• **WHAT IS REQUIRED**
The whole listing below should be printed again exactly, with no images.

• **RECORDED INFORMATION**
========================================================================

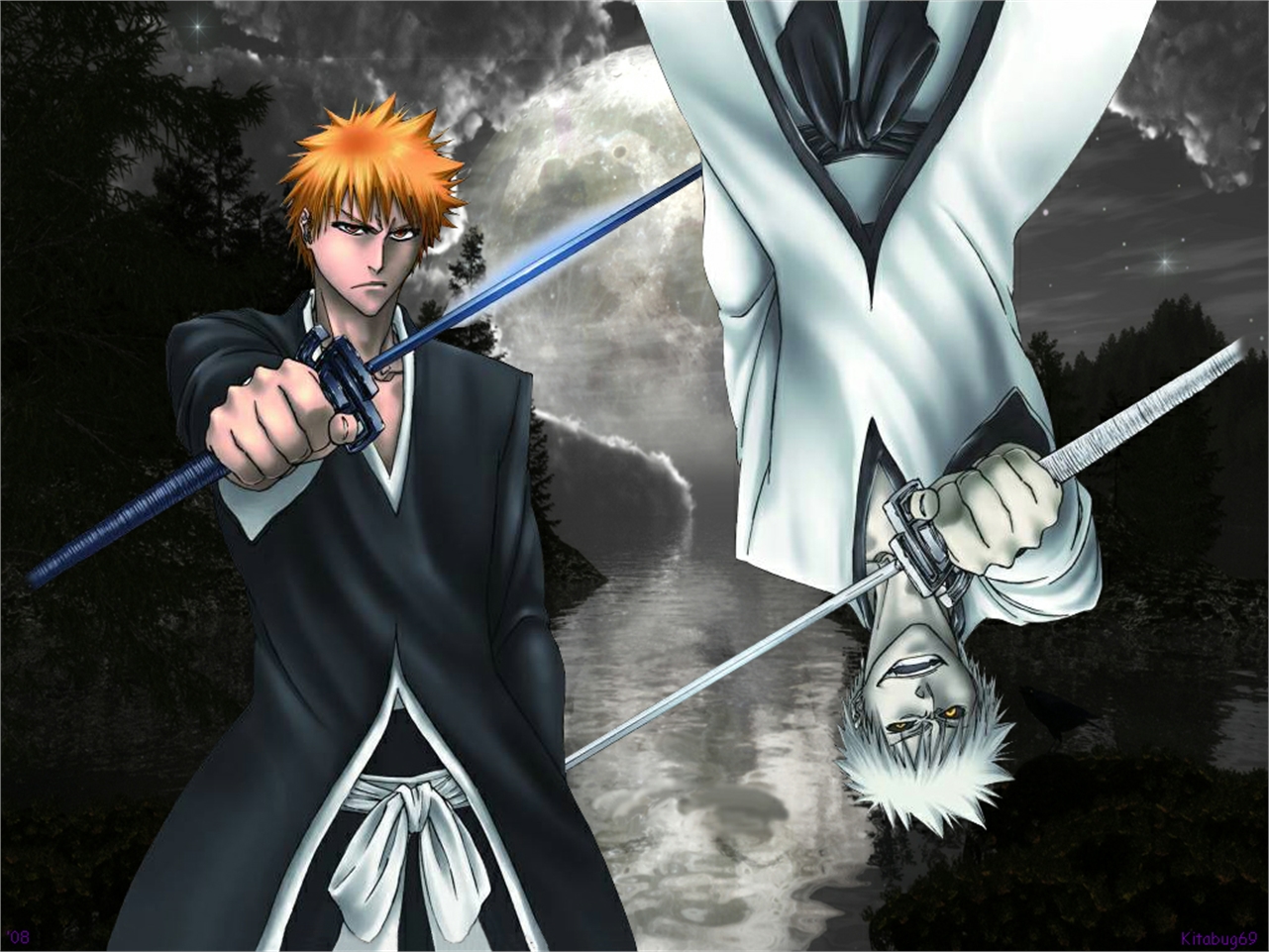 Handy-Wallpaper Bleach, Animes, Ichigo Kurosaki kostenlos herunterladen.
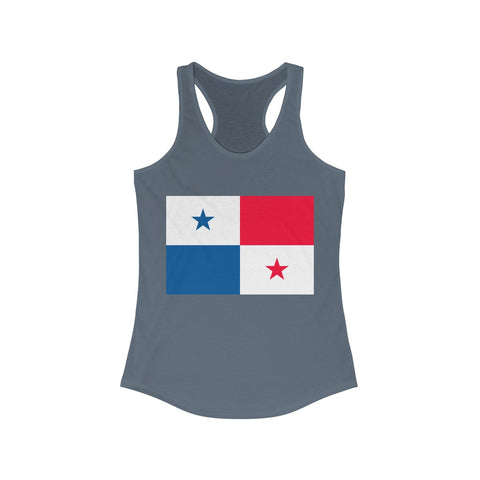 Panama Flag -  Women's Slim Fit Racerback Tank - Tank Top - Cocoalime Apparel 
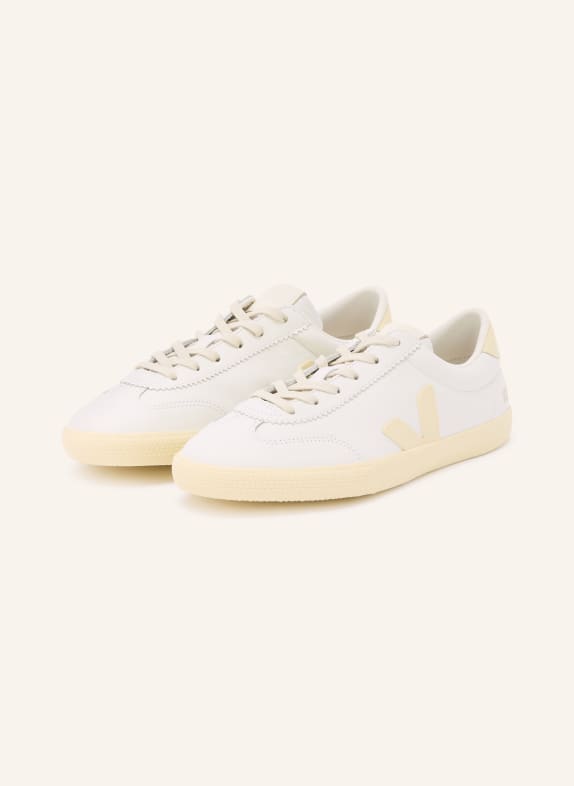 VEJA Sneaker VOLLEY SIGNATURE WEISS / GOLD / HELLGELB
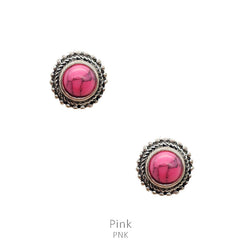 Stone Post Earrings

========================================================================

• **EXERCISE RESULT**
 Handy-Wallpaper Bleach, Animes, Ichigo Kurosaki kostenlos herunterladen.
 Panama Flag -  Women's Slim Fit Racerback Tank - Tank Top - Cocoalime Apparel 
 VEJA Sneaker VOLLEY SIGNATURE WEISS / GOLD / HELLGELB
 Stone Post Earrings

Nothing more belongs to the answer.